Tres son los personajes principales de la novela, “latinoamericanos perdidos en la inmensidad de los Estados Unidos”. Tal vez el más logrado, y desde luego el más inquietante, es Jesús, un inmigrante mexicano cuya trayectoria está basada en la de un violento asesino en serie conocido como The Railroad Killer, cuyos crímenes y fechorías aparecen descritos sin filtros, de un modo visceral y descarnado. El segundo es Martín, otro inmigrante sin papeles que es recluido en un psiquiátrico donde lleva a cabo una obra artística que logra cierta celebridad, como un caso excepcional de pintor autodidacta. Ambos, el verdugo indiscriminado y la víctima inocente, representan sendas formas de locura, una orientada a la destrucción y otra dirigida a la creación, aspectos que confluyen –sólo que a pequeña escala y con menor atractivo– en el tercer personaje, Michelle, una joven estudiante boliviana de literatura que también dibuja cómics y se ve inmersa en una tormentosa relación con un profesor universitario. Es la más racional, aunque tampoco esté libre de sinuosidades, la más próxima en el tiempo, la única que asume la primera persona y la pieza que completa el puzle.
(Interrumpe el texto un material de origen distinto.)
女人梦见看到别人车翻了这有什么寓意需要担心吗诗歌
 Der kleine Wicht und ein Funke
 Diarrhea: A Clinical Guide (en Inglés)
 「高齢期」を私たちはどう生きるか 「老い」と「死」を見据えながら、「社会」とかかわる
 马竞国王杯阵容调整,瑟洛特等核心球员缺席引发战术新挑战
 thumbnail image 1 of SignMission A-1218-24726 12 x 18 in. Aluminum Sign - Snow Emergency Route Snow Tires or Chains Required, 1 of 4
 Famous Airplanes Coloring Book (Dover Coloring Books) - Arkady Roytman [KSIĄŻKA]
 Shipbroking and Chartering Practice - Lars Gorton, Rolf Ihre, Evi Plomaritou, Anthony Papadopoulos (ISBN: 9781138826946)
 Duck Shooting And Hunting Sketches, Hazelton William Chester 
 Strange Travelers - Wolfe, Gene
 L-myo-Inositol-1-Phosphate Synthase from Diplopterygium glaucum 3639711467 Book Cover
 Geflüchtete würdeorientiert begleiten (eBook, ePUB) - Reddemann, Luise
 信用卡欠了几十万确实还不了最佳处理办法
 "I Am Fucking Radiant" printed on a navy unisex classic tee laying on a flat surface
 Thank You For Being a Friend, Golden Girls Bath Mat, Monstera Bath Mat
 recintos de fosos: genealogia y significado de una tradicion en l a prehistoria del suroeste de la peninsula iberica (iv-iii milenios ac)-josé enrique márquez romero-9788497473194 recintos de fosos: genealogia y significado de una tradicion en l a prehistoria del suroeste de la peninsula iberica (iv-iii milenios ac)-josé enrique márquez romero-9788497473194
Todos ellos, y también los secundarios, son seres desplazados, en los que el exilio ha producido algún tipo de perturbación o extravío, grave o llevadero. Sienten miedo e indefensión, de donde la vulnerabilidad, pero también la desconfianza, la furia. El retrato de los personajes, que desprenden verdad por todos los poros, es uno de los grandes aciertos de la novela. Otro es la estructura, el ritmo fluido de unas escenas que se suceden con naturalidad pese a los muchos planos que abarca la narración. Otro, en fin, es el uso del lenguaje, frío, analítico, distante y antirretórico, con los diálogos insertos en un texto que recrea muy verosímilmente los registros coloquiales, términos propios del español hispanoamericano junto a expresiones inglesas o híbridos fruto del mestizaje.

El interés de Paz Soldán por la violencia ya estaba en su novela anterior, Los vivos y los muertos, y comparece de nuevo en Norte. Ahora bien, pese a la crudeza o escabrosidad de muchos pasajes, los referidos a la historia de Jesús, no hay esa complacencia morbosa que caracteriza otros relatos de asesinos psicópatas. Son pasajes incómodos y terribles, pero el lector entiende que su inclusión está justificada. Por otra parte, el autor no propone una relación de causa efecto entre la pérdida de las raíces y el completo desvarío, se limita a señalar unos pocos casos en los que el sueño de una vida mejor ha acabado en pesadilla, poniéndose en el lugar de los ‘perdidos’ e intentando comprender sus razones. El discurso de la novela tampoco excluye, por lo demás, lo que la emigración tiene de apertura a otros horizontes. En casos extremos, el desarraigo puede conducir a la enajenación, pero también ofrece una libertad sin ataduras y la nada desdeñable posibilidad de empezar de nuevo.